*** Exercise data Section Begins ***

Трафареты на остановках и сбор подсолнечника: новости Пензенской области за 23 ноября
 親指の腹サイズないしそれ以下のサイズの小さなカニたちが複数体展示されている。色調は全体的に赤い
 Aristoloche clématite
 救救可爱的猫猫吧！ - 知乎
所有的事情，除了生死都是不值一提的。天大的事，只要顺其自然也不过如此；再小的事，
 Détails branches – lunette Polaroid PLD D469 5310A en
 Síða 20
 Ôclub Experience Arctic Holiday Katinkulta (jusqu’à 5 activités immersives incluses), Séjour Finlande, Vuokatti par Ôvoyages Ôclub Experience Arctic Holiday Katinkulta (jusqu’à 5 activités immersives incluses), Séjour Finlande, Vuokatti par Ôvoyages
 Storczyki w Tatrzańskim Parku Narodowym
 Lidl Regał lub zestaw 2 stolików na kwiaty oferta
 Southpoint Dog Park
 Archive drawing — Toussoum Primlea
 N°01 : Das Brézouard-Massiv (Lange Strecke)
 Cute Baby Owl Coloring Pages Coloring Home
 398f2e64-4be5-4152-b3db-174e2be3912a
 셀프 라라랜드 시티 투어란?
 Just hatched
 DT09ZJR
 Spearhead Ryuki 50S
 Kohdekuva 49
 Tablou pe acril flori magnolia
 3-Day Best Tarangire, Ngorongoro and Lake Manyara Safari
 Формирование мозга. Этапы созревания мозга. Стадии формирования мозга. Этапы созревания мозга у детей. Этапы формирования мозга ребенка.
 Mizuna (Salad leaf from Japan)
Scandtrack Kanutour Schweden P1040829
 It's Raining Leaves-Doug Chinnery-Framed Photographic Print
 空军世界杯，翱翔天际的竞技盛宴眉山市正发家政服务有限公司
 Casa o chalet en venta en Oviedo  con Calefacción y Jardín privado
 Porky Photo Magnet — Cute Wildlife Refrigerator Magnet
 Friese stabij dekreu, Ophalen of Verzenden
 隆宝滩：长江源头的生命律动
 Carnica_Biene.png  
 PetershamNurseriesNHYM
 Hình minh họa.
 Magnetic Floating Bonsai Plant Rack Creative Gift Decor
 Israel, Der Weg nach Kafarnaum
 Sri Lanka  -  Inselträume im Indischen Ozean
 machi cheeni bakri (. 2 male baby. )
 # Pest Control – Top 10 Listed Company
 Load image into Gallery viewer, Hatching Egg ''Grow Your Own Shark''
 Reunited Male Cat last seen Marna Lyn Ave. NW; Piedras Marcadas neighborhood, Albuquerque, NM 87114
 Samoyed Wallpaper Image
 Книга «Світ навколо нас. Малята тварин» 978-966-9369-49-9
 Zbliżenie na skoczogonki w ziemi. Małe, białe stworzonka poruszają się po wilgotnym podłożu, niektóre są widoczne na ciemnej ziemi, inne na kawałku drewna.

*** Exercise data Section Ends ***

**Problem to work on**
Copy the records above exactly, beginning at the line that contains "Lidl Regał lub" and stopping after the line that contains "空军世界杯，翱翔天际的竞技盛宴眉山市正发家政服务有限公司".

**Answer to the problem**
 Lidl Regał lub zestaw 2 stolików na kwiaty oferta
 Southpoint Dog Park
 Archive drawing — Toussoum Primlea
 N°01 : Das Brézouard-Massiv (Lange Strecke)
 Cute Baby Owl Coloring Pages Coloring Home
 398f2e64-4be5-4152-b3db-174e2be3912a
 셀프 라라랜드 시티 투어란?
 Just hatched
 DT09ZJR
 Spearhead Ryuki 50S
 Kohdekuva 49
 Tablou pe acril flori magnolia
 3-Day Best Tarangire, Ngorongoro and Lake Manyara Safari
 Формирование мозга. Этапы созревания мозга. Стадии формирования мозга. Этапы созревания мозга у детей. Этапы формирования мозга ребенка.
 Mizuna (Salad leaf from Japan)
Scandtrack Kanutour Schweden P1040829
 It's Raining Leaves-Doug Chinnery-Framed Photographic Print
 空军世界杯，翱翔天际的竞技盛宴眉山市正发家政服务有限公司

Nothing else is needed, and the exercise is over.